> [Work required]: Retype, exactly as they appear below, the lines between the line holding "Nish Man Pro" and the line holding "夕阳下桌子摆放粉色玫瑰花束瓶子家庭家居", both ends included.

[Crawled caption data]
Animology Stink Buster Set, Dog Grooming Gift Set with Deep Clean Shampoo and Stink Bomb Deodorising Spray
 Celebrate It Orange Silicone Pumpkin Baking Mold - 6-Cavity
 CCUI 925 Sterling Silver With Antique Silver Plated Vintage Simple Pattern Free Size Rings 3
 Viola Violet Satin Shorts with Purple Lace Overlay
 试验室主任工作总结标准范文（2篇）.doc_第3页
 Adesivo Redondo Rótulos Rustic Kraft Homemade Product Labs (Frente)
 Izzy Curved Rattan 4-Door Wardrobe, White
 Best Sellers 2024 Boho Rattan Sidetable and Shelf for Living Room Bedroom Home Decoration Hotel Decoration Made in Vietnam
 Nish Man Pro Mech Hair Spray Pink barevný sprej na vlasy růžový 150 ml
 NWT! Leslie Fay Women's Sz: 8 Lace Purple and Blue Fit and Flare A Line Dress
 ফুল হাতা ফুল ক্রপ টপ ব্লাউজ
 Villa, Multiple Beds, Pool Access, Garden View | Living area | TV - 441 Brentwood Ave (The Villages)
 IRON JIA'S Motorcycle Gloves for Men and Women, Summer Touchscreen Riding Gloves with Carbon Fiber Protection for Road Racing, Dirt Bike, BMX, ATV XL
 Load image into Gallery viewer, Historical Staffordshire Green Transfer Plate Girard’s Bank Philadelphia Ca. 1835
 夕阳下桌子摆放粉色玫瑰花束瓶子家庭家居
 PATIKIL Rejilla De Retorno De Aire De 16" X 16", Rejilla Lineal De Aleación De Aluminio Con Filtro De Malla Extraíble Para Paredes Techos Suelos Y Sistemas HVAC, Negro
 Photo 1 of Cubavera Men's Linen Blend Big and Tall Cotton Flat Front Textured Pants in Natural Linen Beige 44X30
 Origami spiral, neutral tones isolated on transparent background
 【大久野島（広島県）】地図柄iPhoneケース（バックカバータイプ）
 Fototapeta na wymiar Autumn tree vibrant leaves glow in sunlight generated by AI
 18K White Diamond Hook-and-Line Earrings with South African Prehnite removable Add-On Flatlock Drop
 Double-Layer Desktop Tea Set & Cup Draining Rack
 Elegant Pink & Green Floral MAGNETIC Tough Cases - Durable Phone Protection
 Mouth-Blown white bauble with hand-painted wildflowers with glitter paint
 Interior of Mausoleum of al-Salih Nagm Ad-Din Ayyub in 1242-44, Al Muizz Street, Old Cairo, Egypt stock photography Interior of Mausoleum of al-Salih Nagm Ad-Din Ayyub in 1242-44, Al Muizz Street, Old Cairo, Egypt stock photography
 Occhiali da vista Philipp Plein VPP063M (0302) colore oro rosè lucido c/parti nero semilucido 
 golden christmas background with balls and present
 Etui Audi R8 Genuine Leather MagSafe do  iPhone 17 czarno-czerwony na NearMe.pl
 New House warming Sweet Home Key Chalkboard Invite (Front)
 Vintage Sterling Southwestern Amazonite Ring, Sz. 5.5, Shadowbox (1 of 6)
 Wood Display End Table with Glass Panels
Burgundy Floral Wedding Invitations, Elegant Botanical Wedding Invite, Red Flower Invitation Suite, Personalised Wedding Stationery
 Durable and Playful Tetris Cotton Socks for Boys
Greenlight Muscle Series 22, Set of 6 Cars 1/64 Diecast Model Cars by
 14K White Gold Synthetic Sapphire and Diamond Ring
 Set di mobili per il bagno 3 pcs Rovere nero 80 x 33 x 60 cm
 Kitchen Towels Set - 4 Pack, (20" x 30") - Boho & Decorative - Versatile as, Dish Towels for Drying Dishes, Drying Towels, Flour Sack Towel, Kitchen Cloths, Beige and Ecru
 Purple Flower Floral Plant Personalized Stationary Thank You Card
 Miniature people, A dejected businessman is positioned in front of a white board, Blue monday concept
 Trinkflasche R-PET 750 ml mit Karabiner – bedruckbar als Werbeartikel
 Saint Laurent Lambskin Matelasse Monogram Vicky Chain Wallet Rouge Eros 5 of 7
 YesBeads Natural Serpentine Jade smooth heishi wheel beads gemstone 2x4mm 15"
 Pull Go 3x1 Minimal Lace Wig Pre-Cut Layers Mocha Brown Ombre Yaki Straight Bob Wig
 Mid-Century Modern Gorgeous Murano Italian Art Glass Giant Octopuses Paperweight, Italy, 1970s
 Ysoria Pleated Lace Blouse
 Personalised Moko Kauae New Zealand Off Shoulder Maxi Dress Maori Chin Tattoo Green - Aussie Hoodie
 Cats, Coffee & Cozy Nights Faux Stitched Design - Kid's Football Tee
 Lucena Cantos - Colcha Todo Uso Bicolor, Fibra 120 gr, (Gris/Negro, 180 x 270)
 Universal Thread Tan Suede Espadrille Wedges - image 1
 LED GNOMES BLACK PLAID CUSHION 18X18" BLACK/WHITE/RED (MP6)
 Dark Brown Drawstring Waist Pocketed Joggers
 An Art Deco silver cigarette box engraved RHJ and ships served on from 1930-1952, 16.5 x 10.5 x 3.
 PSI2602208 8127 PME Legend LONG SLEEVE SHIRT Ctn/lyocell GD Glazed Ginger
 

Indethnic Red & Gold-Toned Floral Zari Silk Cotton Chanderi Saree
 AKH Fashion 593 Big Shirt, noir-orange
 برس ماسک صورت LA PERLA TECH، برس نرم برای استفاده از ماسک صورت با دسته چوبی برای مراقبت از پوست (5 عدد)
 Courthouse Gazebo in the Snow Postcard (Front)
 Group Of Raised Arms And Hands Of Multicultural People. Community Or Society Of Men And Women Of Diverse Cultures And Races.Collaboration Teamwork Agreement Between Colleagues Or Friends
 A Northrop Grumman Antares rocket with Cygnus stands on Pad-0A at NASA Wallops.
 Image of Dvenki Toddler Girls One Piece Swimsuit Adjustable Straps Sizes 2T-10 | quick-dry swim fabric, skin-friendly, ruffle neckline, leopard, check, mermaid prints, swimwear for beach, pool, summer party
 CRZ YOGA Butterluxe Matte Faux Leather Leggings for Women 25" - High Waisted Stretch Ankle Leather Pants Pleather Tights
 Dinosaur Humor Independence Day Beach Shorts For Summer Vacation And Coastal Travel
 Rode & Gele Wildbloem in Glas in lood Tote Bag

> [Problem solution]:
 Nish Man Pro Mech Hair Spray Pink barevný sprej na vlasy růžový 150 ml
 NWT! Leslie Fay Women's Sz: 8 Lace Purple and Blue Fit and Flare A Line Dress
 ফুল হাতা ফুল ক্রপ টপ ব্লাউজ
 Villa, Multiple Beds, Pool Access, Garden View | Living area | TV - 441 Brentwood Ave (The Villages)
 IRON JIA'S Motorcycle Gloves for Men and Women, Summer Touchscreen Riding Gloves with Carbon Fiber Protection for Road Racing, Dirt Bike, BMX, ATV XL
 Load image into Gallery viewer, Historical Staffordshire Green Transfer Plate Girard’s Bank Philadelphia Ca. 1835
 夕阳下桌子摆放粉色玫瑰花束瓶子家庭家居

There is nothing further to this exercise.